* Task goal *
In the entries that follow, find the line containing "Gold or Silver"; from there, copy every line exactly through the line containing "Adidas Real Madrid".

* Data extracts *
——

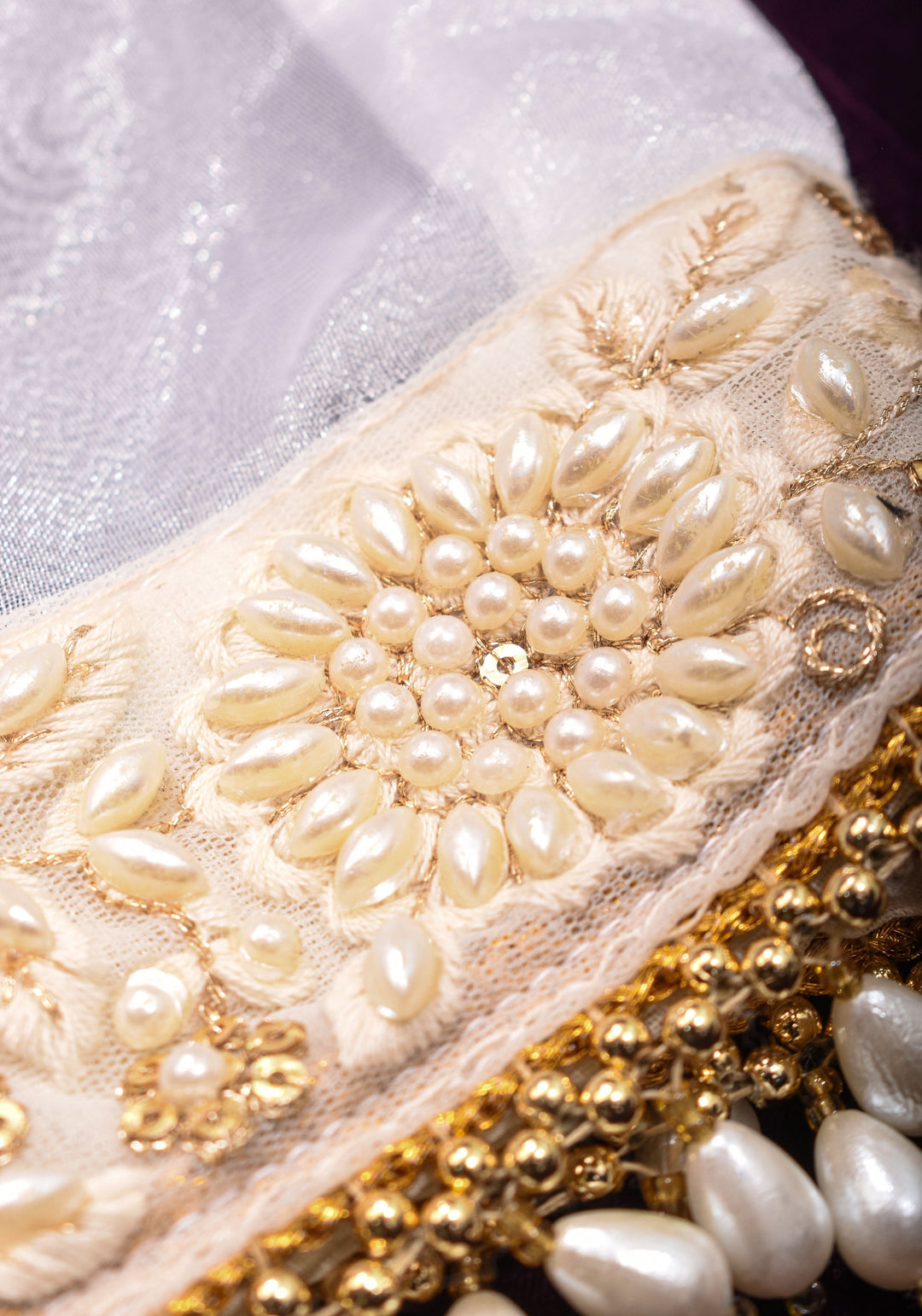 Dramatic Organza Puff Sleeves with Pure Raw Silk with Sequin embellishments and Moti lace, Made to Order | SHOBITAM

——

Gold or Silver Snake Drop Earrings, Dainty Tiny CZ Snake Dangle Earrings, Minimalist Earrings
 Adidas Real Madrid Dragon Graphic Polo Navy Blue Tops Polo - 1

——

* Exercise output *
Gold or Silver Snake Drop Earrings, Dainty Tiny CZ Snake Dangle Earrings, Minimalist Earrings
 Adidas Real Madrid Dragon Graphic Polo Navy Blue Tops Polo - 1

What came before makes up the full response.